James did not explain that his eyes were sad because her society gave him a pain in the neck. He merely laughed scornfully.
“So now, I suppose,” he said, “a car will come and knock you down and I shall carry you gently into the house and lay you—Look out!” he cried.
It was too late. She was lying in a little huddled heap at his feet. Round the corner a large automobile had come bowling, keeping with an almost affected precision to the wrong side of the road. It was now receding into the distance, the occupant of the tonneau, a stout red-faced gentleman in a fur coat, leaning out over the back. He had bared his head—not, one fears, as a pretty gesture of respect and regret, but because he was using his hat to hide the number plate.
The dog Toto was unfortunately uninjured.
James carried the girl gently into the house and laid her on the sofa in the morning-room. He rang the bell and the apple-cheeked housekeeper appeared.
“Send for the doctor,” said James. “There has been an accident.”
The housekeeper bent over the girl.
“Eh, dearie, dearie!” she said. “Bless her sweet pretty face!”
The gardener, he who technically owned William, was routed out from among the young lettuces and told to fetch Dr. Brady. He separated his bicycle from William, who was making a light meal off the left pedal, and departed on his mission. Dr. Brady arrived and in due course he made his report.

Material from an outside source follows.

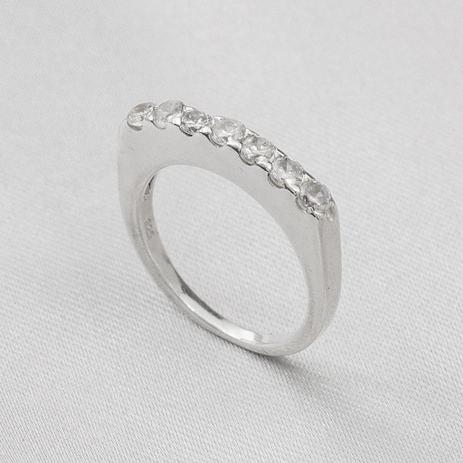 Anel de Prata Meia Aliança com Zircônia Cristal - Prata fina Menor preço em Anel de Prata Meia Aliança com Zircônia Cristal - Prata fina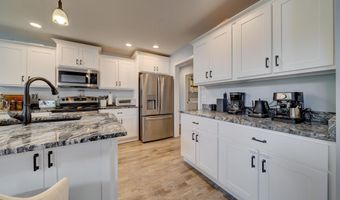 5585 Bear Creek Pass, Auburn, IN 46706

“No bones broken, but a number of nasty bruises. And, of course, the shock. She will have to stay here for some time, Rodman. Can’t be moved.”
“Stay here! But she can’t! It isn’t proper.”
“Your housekeeper will act as a chaperon.”
The doctor sighed. He was a stolid-looking man of middle age with side whiskers.
“A beautiful girl, that, Rodman,” he said.
“I suppose so,” said James.
“A sweet, beautiful girl. An elfin child.”
“A what?” cried James, starting.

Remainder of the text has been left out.